--- REQUIREMENT ---
Retype all data exactly as given. Pictures should not be retyped.

--- THE DATA ---
━━━━
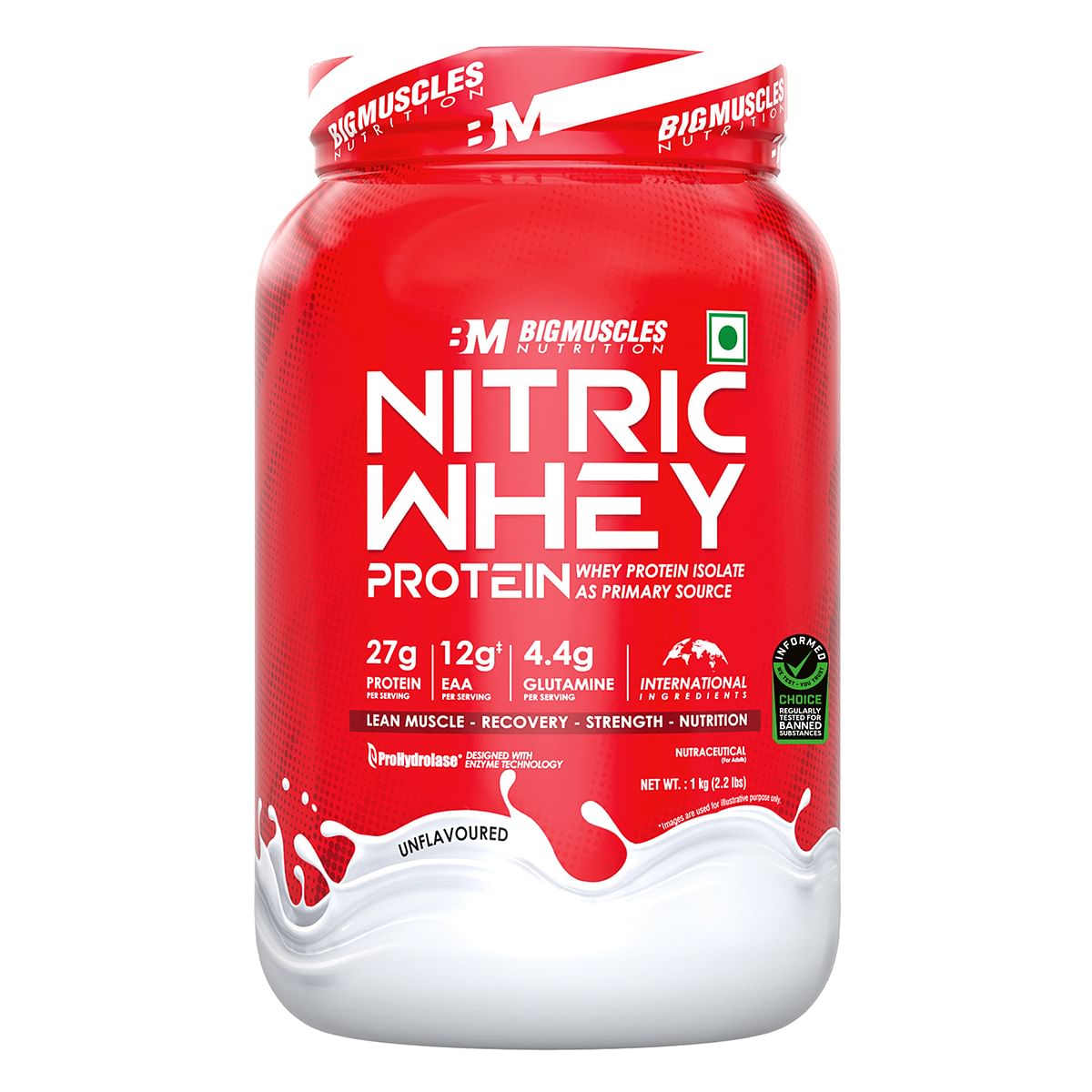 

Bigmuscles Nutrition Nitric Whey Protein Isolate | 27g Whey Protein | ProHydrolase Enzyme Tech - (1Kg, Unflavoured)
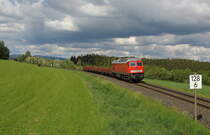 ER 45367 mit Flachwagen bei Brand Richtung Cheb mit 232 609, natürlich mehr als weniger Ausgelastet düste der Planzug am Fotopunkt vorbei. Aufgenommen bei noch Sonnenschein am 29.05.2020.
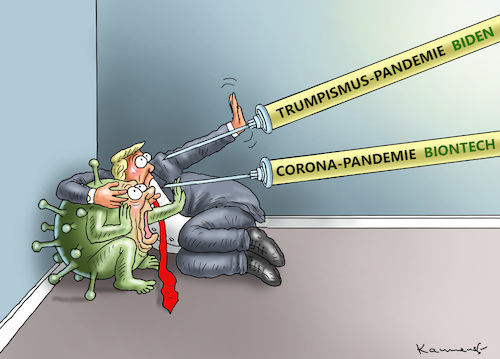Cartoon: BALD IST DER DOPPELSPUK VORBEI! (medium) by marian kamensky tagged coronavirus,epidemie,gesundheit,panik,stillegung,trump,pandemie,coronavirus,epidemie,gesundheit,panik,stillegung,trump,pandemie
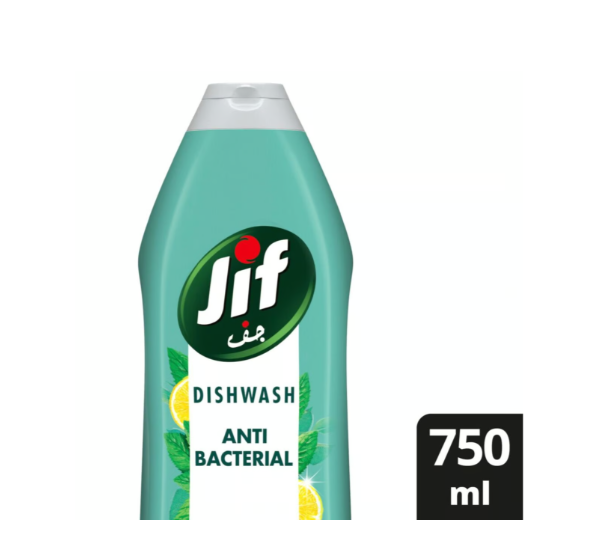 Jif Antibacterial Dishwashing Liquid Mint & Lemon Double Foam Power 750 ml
━━━━
--- REPLY ---
Bigmuscles Nutrition Nitric Whey Protein Isolate | 27g Whey Protein | ProHydrolase Enzyme Tech - (1Kg, Unflavoured)
 ER 45367 mit Flachwagen bei Brand Richtung Cheb mit 232 609, natürlich mehr als weniger Ausgelastet düste der Planzug am Fotopunkt vorbei. Aufgenommen bei noch Sonnenschein am 29.05.2020.
Cartoon: BALD IST DER DOPPELSPUK VORBEI! (medium) by marian kamensky tagged coronavirus,epidemie,gesundheit,panik,stillegung,trump,pandemie,coronavirus,epidemie,gesundheit,panik,stillegung,trump,pandemie
 Jif Antibacterial Dishwashing Liquid Mint & Lemon Double Foam Power 750 ml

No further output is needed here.